It's also forced the bank, which long relied on its branch network
to sell more products and services to customers, to rethink its
strategy, said Siefers, the analyst.

"Wells was driven for decades by one overriding notion, and that
was the idea of cross-selling," he said. "They've had to really
transform very rapidly. I think this has been a real jolt to the
system." [GN]


WELLS FARGO: $142MM "Jabbari" Case Accord Taken Under Submission
----------------------------------------------------------------
In the case, Jabbari et al v. Wells Fargo & Company et al., Case
No. 3:15-cv-02159 (N.D. Cal.), the Hon. Judge Vince Chhabria held
a hearing on May 18 to consider Plaintiffs' Notice of Motion,
Motion, and Memorandum in Support of Motion for Preliminary
Approval of Class Action Settlement and for Certification of a
Settlement Class.  At the end of the hearing, the Court took the
matter under submission and indicated it will issue a written
ruling at a later date.

Maria Dinzeo, writing for Courthouse News Service, reported that
Wells Fargo will pay $142 million to settle class action claims in
San Francisco, that it secretly opened credit cards and
unauthorized accounts in customers' names going back to 2002.

The bank was hit hard by the discovery that its staff opened
millions of bank accounts and credit cards for customers without
their consent in an effort to meet internal sales goals.

Lead plaintiff Shahriar Jabbari sued Wells Fargo in May 2015,
claiming it encouraged employees to use fraudulent and deceptive
tactics to persuade customers to open fee-generating accounts by
misrepresenting them or not informing them at all.

Wells Fargo called the tricks "solutions" and set "unrealistic
sales quotas" for its employees, inducing them to add hidden fees
and open unwanted second accounts for customers, Jabbari claimed.
He said he had seven additional accounts opened without his
consent and that his credit score was damaged by unpaid fees that
were sent to a debt collector.

In September 2016, the bank said it was getting rid of its sales
goals for credit cards and other banking products, after federal
banking regulators slammed it with $185 million in fines. The
fines will be divided with $100 million going to the Consumer
Financial Protection Bureau, $50 million to the city and county of
Los Angeles, $35 million to the Office of the Comptroller of the
Currency and $5 million to victims.

On April 21 settlement is an expansion of an earlier agreement
announced last month that adds $32 million to the payout and
includes customers who had sham accounts opened without their
knowledge starting in May 2002, the earliest the bank has data.
Fees on accounts charged from 2009 through 2017 will be reimbursed
fully, while earlier victims will be reimbursed at a flat rate.

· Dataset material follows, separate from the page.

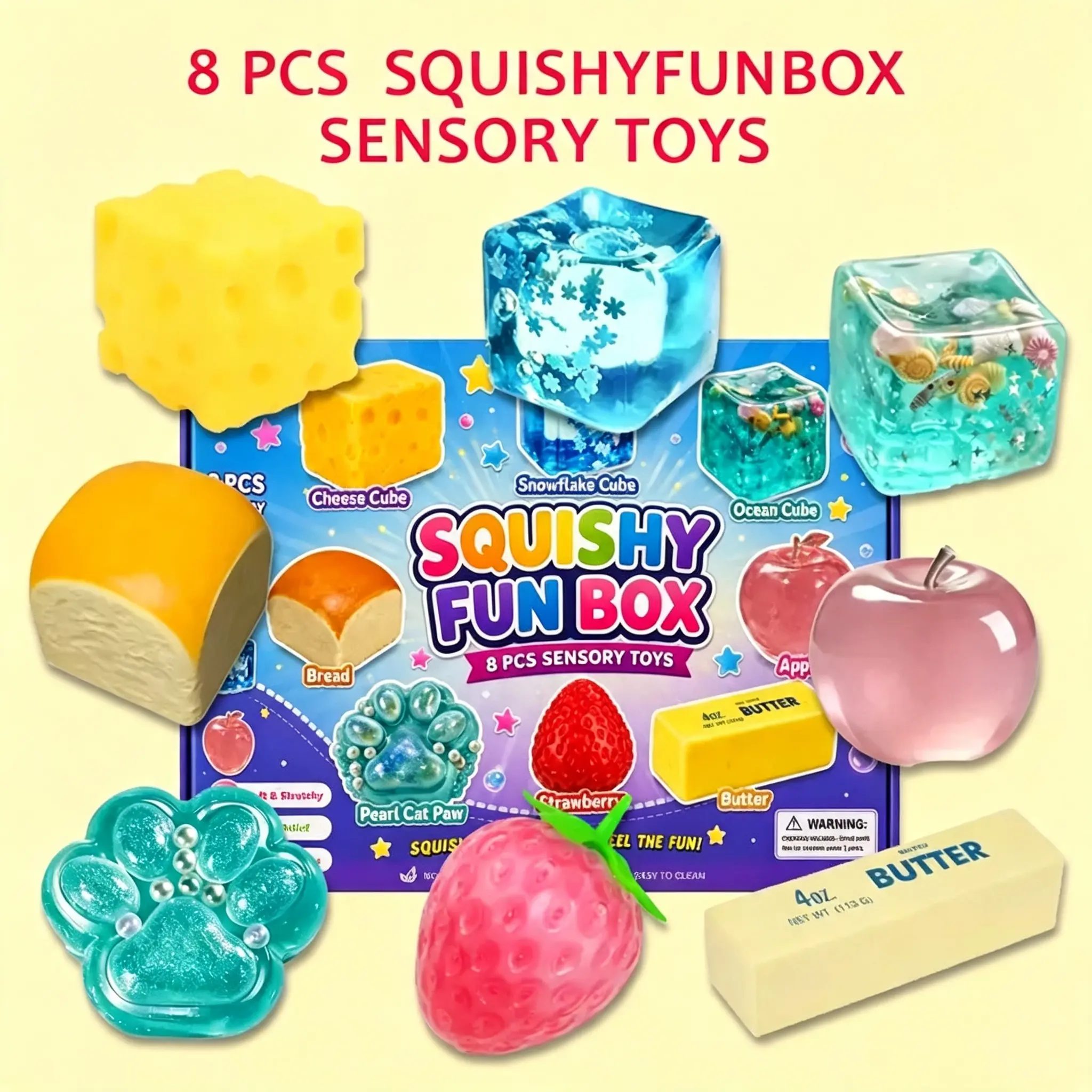 8-Piece Set Box Malt Sugar Stress Relief Fidget Toys, Sensory Bundle, Creative Slow-Return Squishy, Party Gift, 8 Different Styles,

Wells Fargo President and CEO Tim Sloan said in a statement that
he hopes the settlement will help rebuild customers' trust.

"The expansion of this agreement is another important step to make
things right for our customers," he said. "On our journey to
rebuild trust, we want to ensure our customers feel confident that
we have heard their concerns about retail sales practices, which
includes offering them numerous opportunities for remediation."

The proposed agreement requires judicial approval, and is set for
a hearing on May 18 before U.S. District Judge Vincent Chhabria.

The settlement news comes one day after the bank also agreed to
settle, for an undisclosed amount, a lawsuit claiming it steered
troubled borrowers into the federal Home Affordable Mortgage
Program to soak money from them, without ever intending to
permanently modify their loans as promised.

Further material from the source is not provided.